The story sounds compelling - and it is interesting, in a very predictable way - but most of it is told through dialogue boxes on the touch screen. We'd have loved to see some more detailed cutscenes and character development, especially in an episodic adventure, but Moon Chronicles is more focused on its gameplay; thankfully this is typically solid.
Episodes 2-4 follow the formula introduced in Episode 1, which we enjoyed. Playing as Commander Kane, players will travel and fight through corridor-filled stages in order to shut down alien machines, get to power sources and complete other simple objectives. Along the way there are secret paths, items to increase health and ammo, new weapons to find and more; each stage culminates in a boss fight, which is pattern-based and will be familiar to anyone who's played a Metroid game. The Remote Access droid, meanwhile, also plays a large part in each stage, using it to access small areas that Major Kane can't reach. Overall, the traversal through corridors and hidden rooms will remind older players of classic PC shooters from the '90s.
Renegade Kid made a wise decision in releasing Episodes 2-4 at once. While each episode offers 75-90 minutes of gameplay, the structure feels a bit out of place for a first-person shooter/exploration game. There is no gripping narrative to keep players on the edge of their seats, each stage looks relatively similar to the last, and there are no choices or decisions to affect future episodes, like in many of Telltale Games' recent releases. Instead, the episode breaks feel like unnecessary interruptions. It should also be mentioned that players must update the game in the eShop before attempting to download the rest of the episodes; thankfully purchasing the rest of the episodes is intuitive and clear, which is more than we can say for a lot of DLC released on Nintendo systems.
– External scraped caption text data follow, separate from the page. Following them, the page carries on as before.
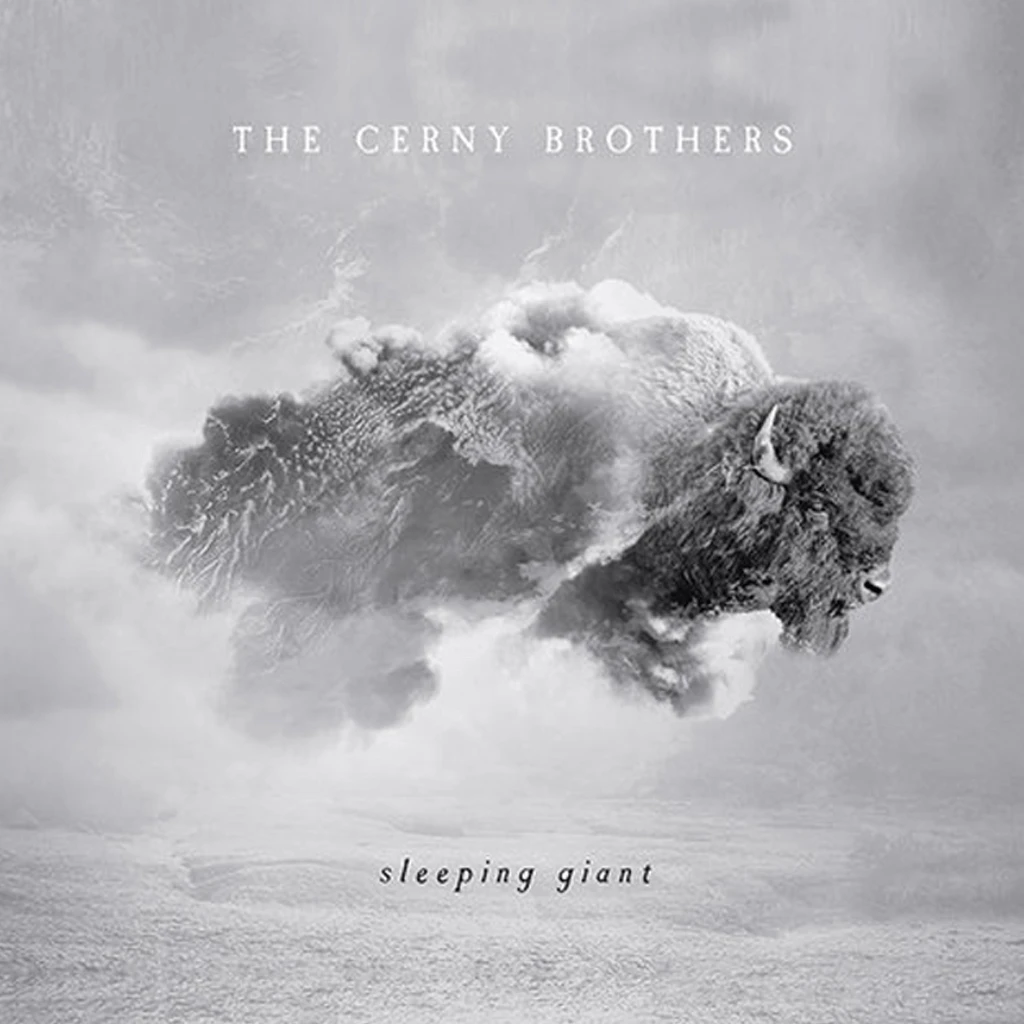 The Cerny Brothers New Merch Sleeping Giant CD 2 The Cerny Brothers New Merch Sleeping Giant CD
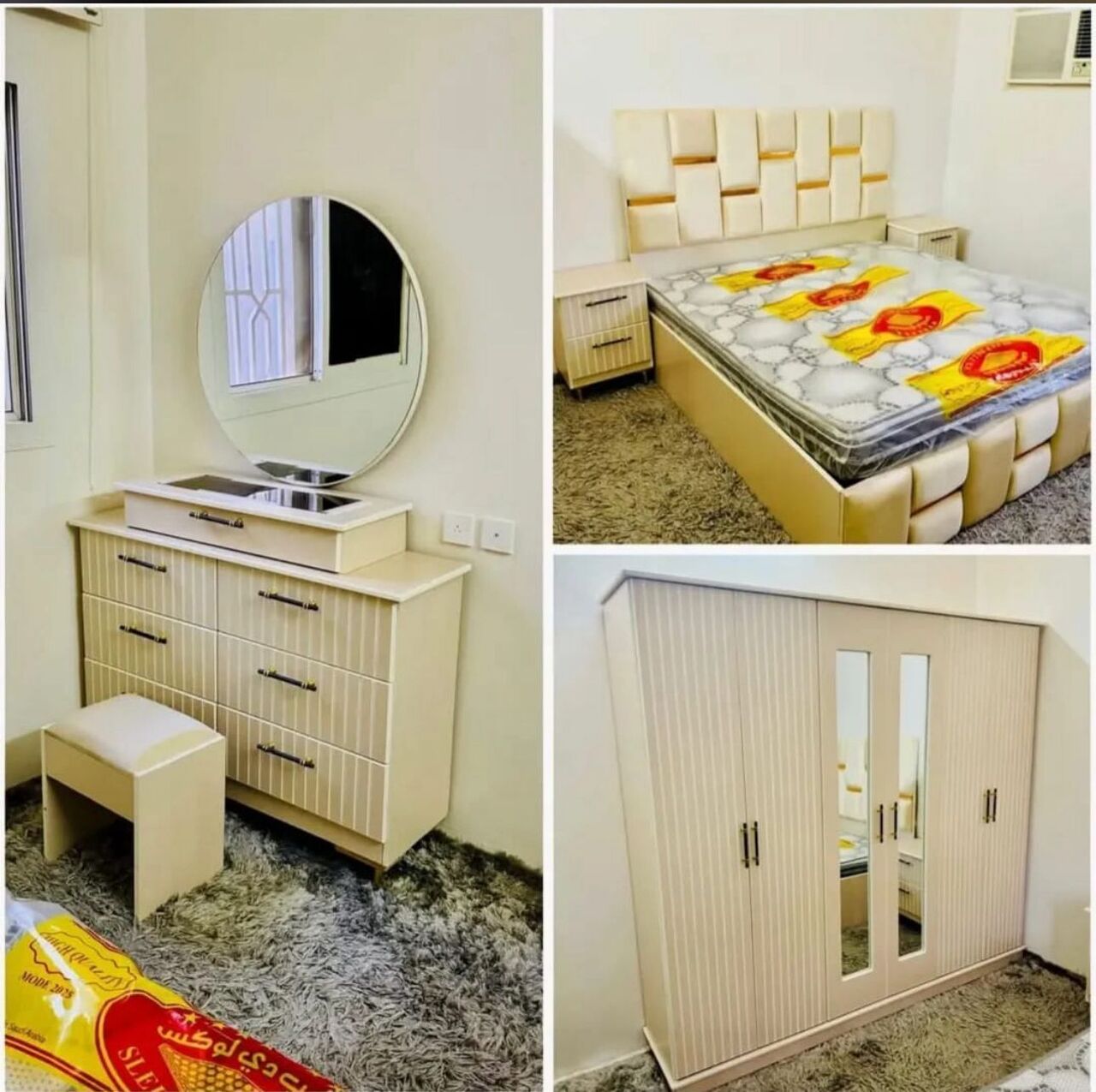 Al Ghubayrah, Furniture, Sale Brand New Home Furniture With Home Delivery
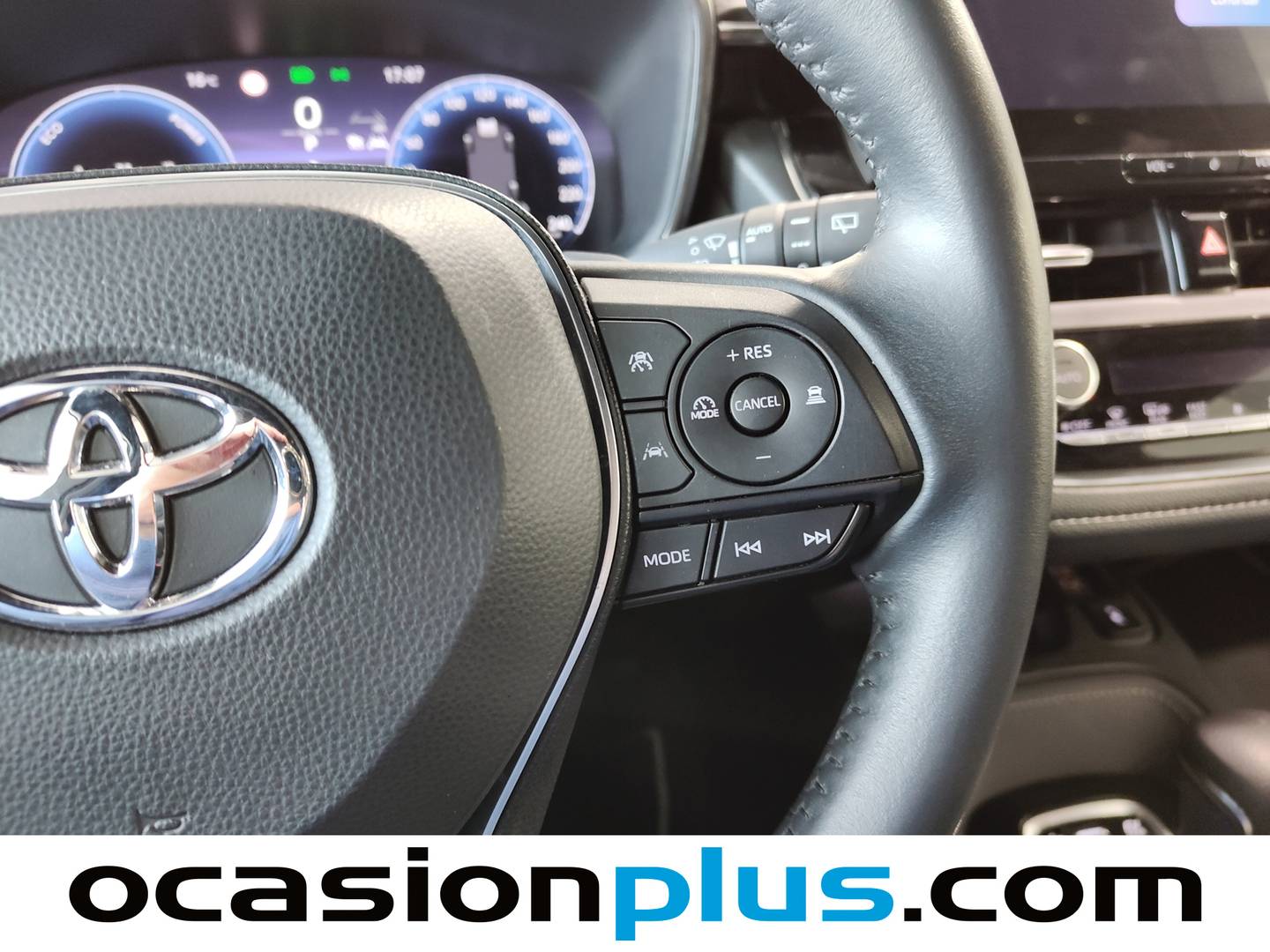 Toyota Corolla Toyota Corolla 200H Touring Sport Style Edition (196 CV) seminuevo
There are a wealth of control options in Moon Chronicles, from the default Circle Pad / stylus combination to compatibility with the Circle Pad Pro. Moving with the Circle Pad and looking around with the stylus isn't ideal for those whose hands cramp easily, but the controls are responsive and only take a few moments to get used to. Shooting is done with the left shoulder button, and the guns encountered in the game shoot and feel distinct from each other. Renegade Kid has also updated the experience to work with the New 3DS, which should eliminate hand cramping further.
At a smooth 60 frames per second - even with the 3D effect turned on - Moon Chronicles is no technical slouch. Unfortunately the visuals are a bit drab, with repetitive tilesets and enemies that all look the same. The pre-boss fight cutscenes are generic and lack variety: Kane enters a room, a giant monster jumps out and that's it. Also disappointing is the audio, with forgettable and generic music, and some may also grow tired of Kane's grunts as he takes damage.
Moon Chronicles isn't a revolutionary game, but its old-school design doesn't detract from the fun. Renegade Kid should be applauded for continuing to deliver solid experiences on the eShop, and anyone looking for a challenging, action-packed experience should find a place for Moon Chronicles in their library.